Lots of Western people know that Australian Aborigines navigate across the deserts by learning a song which contains a sequence of landmarks, and going from one landmark to another. The pathways are sometimes called Songlines, sometimes Dreaming tracks.
This fact is presented as if it were a remarkable and beautiful achievement, but there is less to it than meets the eye.
For a start, this is a terrible way of navigating - because the chain is only as strong as its weakest link. Any mistake at any point will mean that the navigator becomes lost.
Secondly, the idea that this was a special attainment of Aborigines is very recent - specifically it comes from the mid-nineteen seventies.
Lewis, D. 1976. 'Observations on route-finding and spatial orientation... (in) central Australia.' Oceania 46: 249-282.

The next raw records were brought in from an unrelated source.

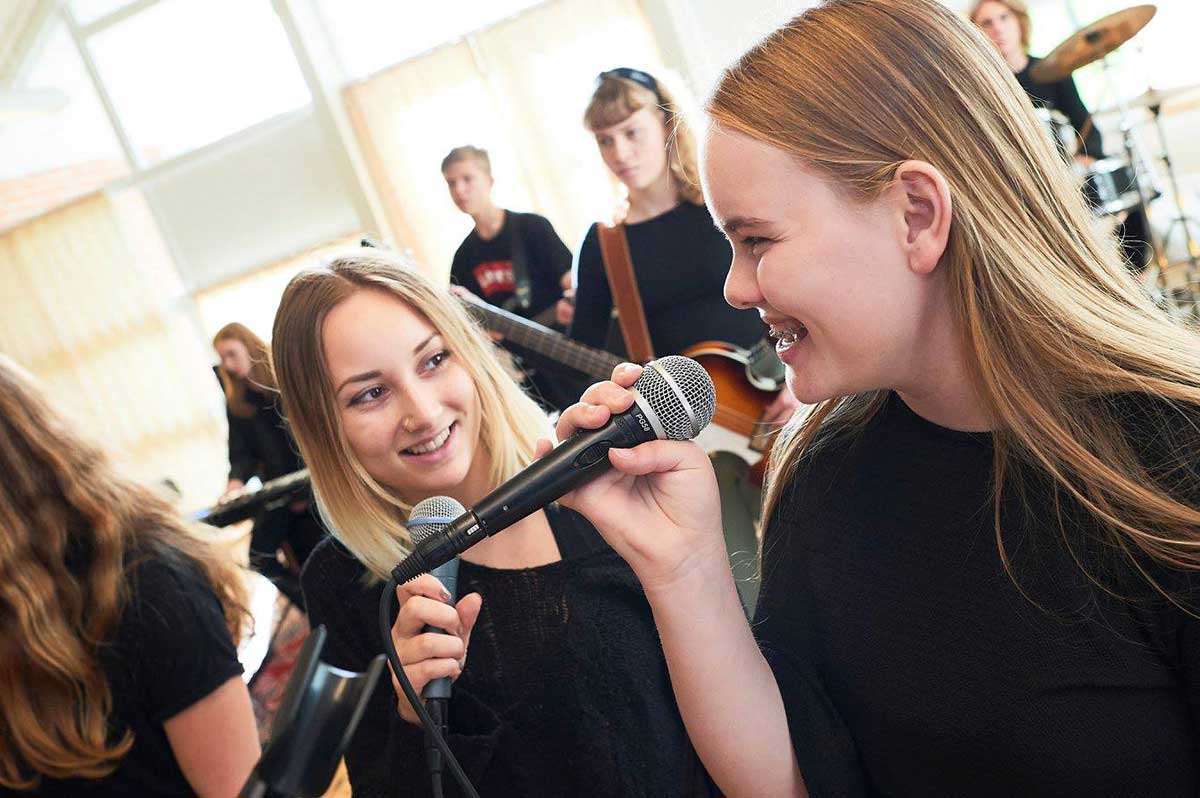 samspil og sang i band på efterskole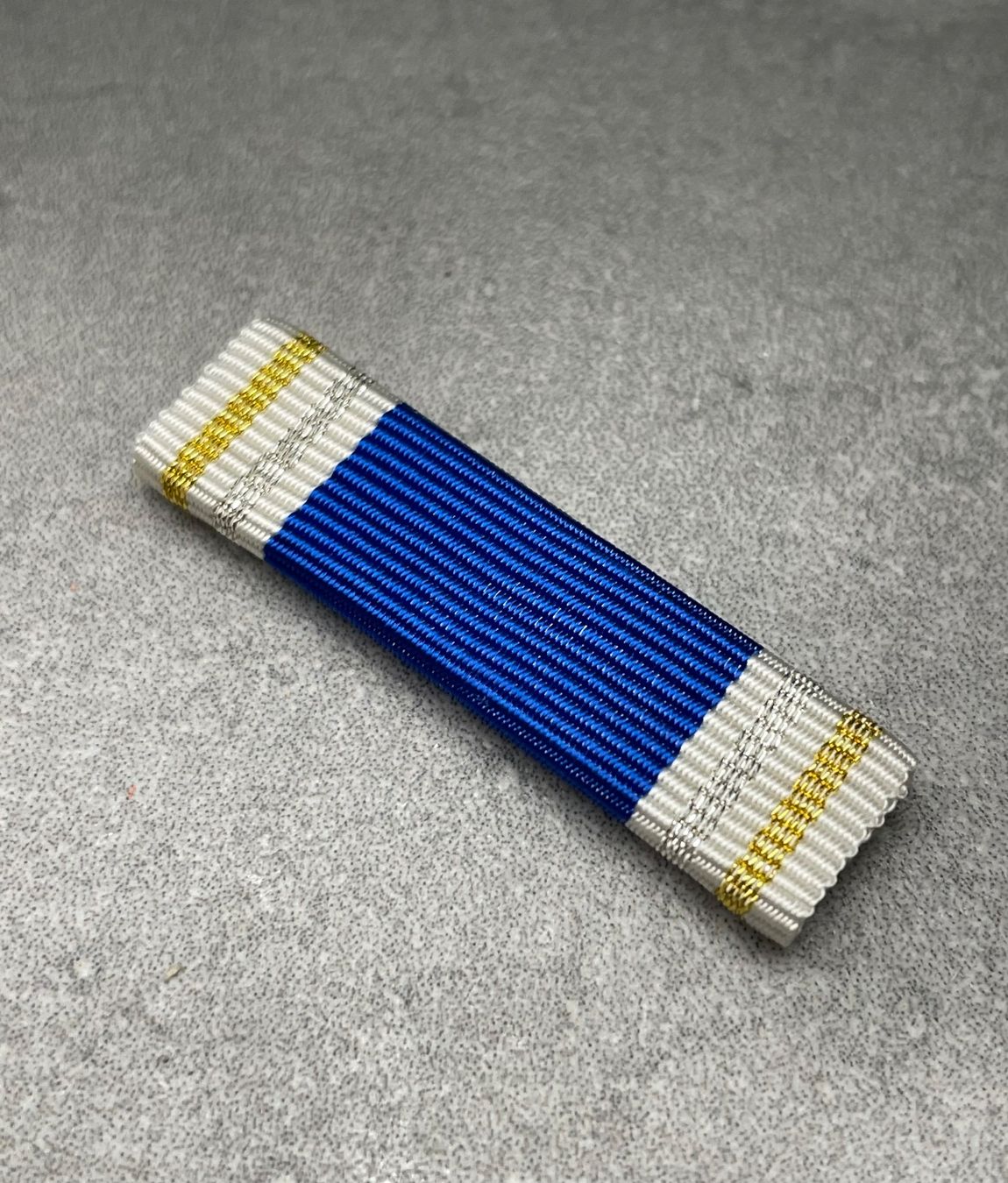 Plaketten & Abzeichen: Nato meritorious service Ribbon – Neu (gemäss Beschreibung) aus Basel von OrdenMax 1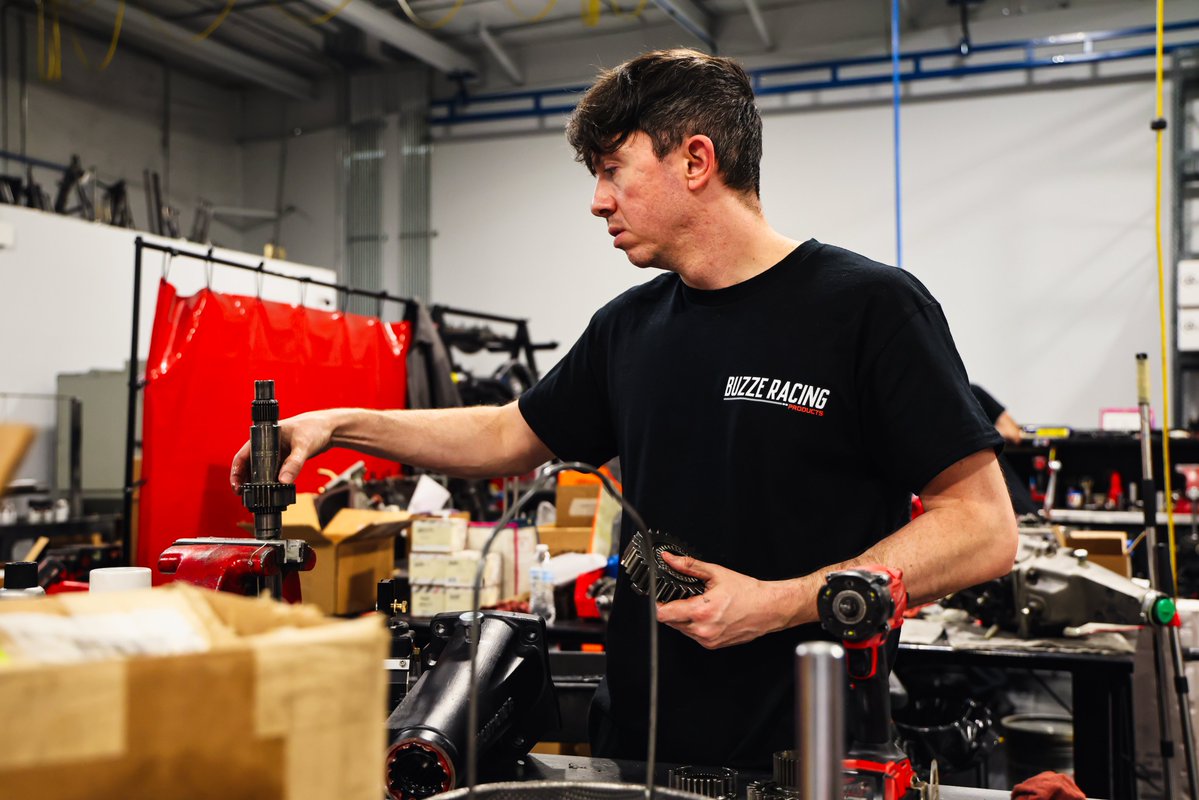 BuzzeRacing tweet media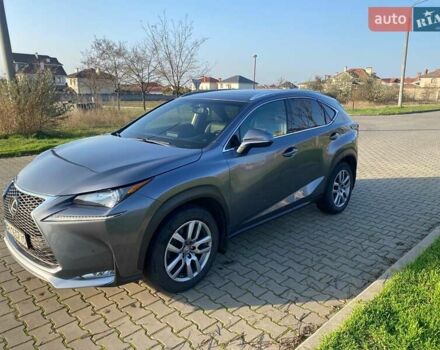 Серый Лексус НХ, объемом двигателя 2 л и пробегом 150 тыс. км за 21500 $, фото 2 на Automoto.ua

I have read some detailed book length accounts of Aborigine life from the 1800s which make no mention of this method - probably because it was regarded as of little interest.
Yet, suddenly, in the 1970s - as political correctness began to gather strength - this trivially crude method of navigation was presented as a great achievement. The public relations process was completed by my near namesake - the BS-merchant and darling of the chattering classes Bruce Chatwin, in a grossly hyped book called The Songlines.
Chanting songs to remember stuff is done by children - it is not specific nor distinctive to Aborigines.
The fuss and nonsense made about Songlines seems more like an example of gross Western condescension than an appreciation of 'indigenous peoples'.